- WHAT YOU NEED TO DO
Leave the images out. Give every line below again, precisely.

- THE DATA

-- -- --

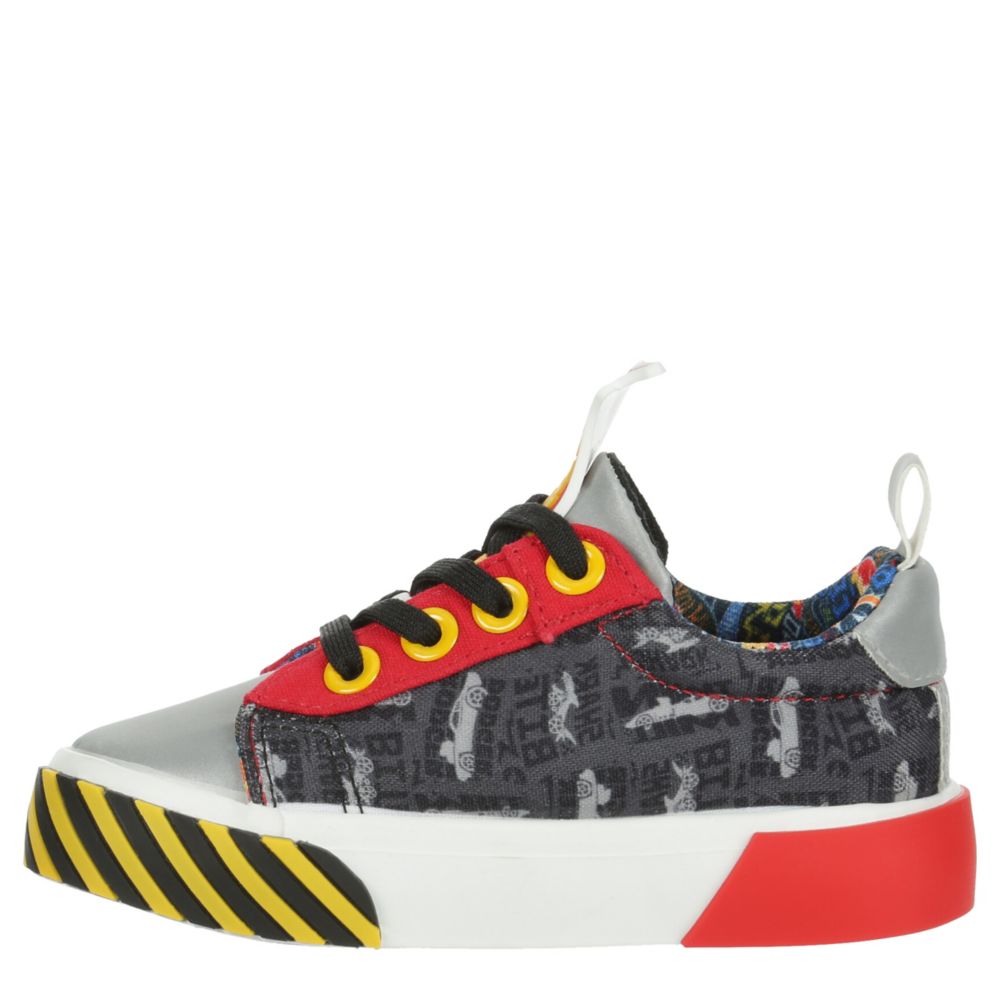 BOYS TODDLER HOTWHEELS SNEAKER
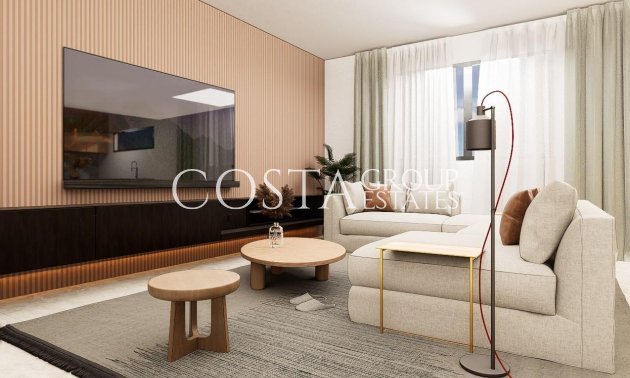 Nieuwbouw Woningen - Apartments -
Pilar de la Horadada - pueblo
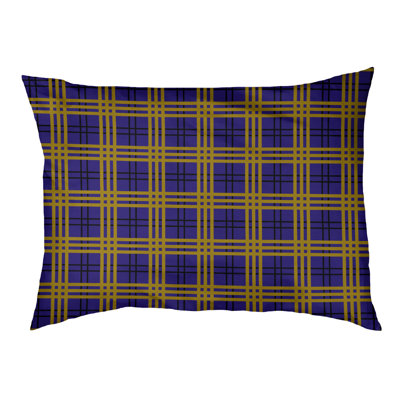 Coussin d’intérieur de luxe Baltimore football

-- -- --

- RESPONSE TO THIS EXERCISE
 BOYS TODDLER HOTWHEELS SNEAKER
 Nieuwbouw Woningen - Apartments -
Pilar de la Horadada - pueblo
 Coussin d’intérieur de luxe Baltimore football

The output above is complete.